HOW TO COMPLETE THIS TASK: Write the data out in full and word for word. Do not include images.

RECORDED DATA:
============
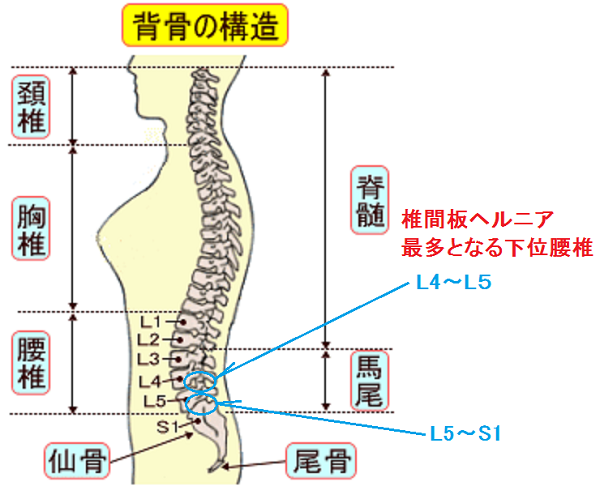椎間板ヘルニアに最も多い部位は下位腰椎のL4～L5、L5～S1.png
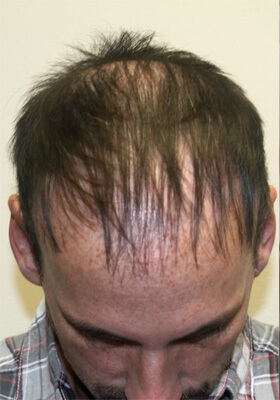 hair transplant photos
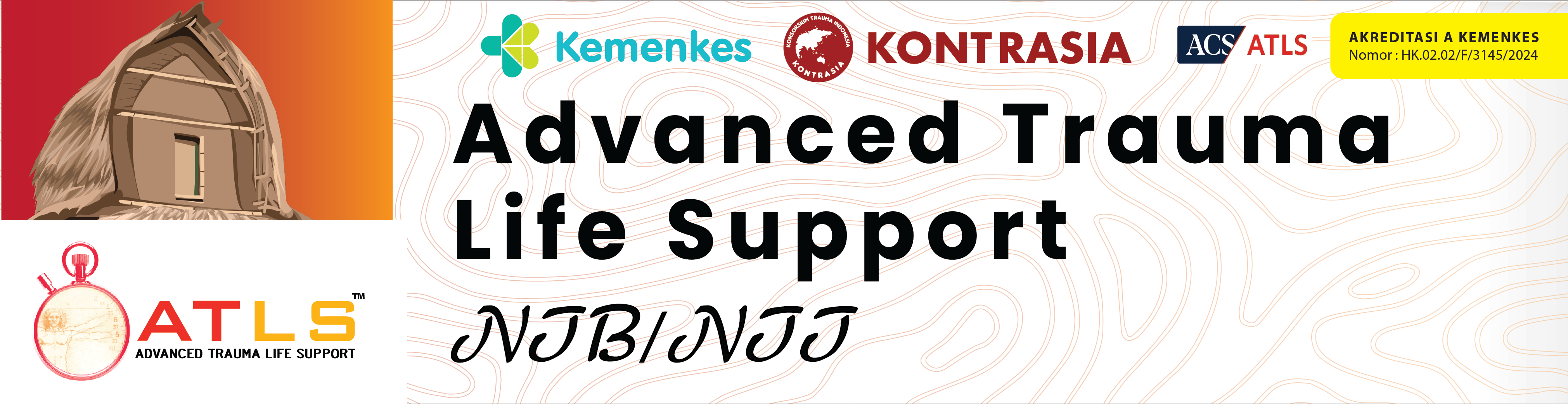 NTB/NTT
============
YOUR SOLUTION:
椎間板ヘルニアに最も多い部位は下位腰椎のL4～L5、L5～S1.png
 hair transplant photos
 NTB/NTT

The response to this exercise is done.